===== Records =====

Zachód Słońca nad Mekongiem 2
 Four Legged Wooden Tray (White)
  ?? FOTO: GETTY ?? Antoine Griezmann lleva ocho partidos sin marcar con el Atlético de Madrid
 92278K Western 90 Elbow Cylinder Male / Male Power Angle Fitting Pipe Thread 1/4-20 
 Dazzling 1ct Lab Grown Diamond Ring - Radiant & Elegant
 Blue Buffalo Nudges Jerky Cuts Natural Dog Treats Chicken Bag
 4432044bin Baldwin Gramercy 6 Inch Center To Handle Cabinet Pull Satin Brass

=====

▸ **Work order**
Restate the data exactly, keeping every line intact.

▸ **Written solution**
Zachód Słońca nad Mekongiem 2
 Four Legged Wooden Tray (White)
  ?? FOTO: GETTY ?? Antoine Griezmann lleva ocho partidos sin marcar con el Atlético de Madrid
 92278K Western 90 Elbow Cylinder Male / Male Power Angle Fitting Pipe Thread 1/4-20 
 Dazzling 1ct Lab Grown Diamond Ring - Radiant & Elegant
 Blue Buffalo Nudges Jerky Cuts Natural Dog Treats Chicken Bag
 4432044bin Baldwin Gramercy 6 Inch Center To Handle Cabinet Pull Satin Brass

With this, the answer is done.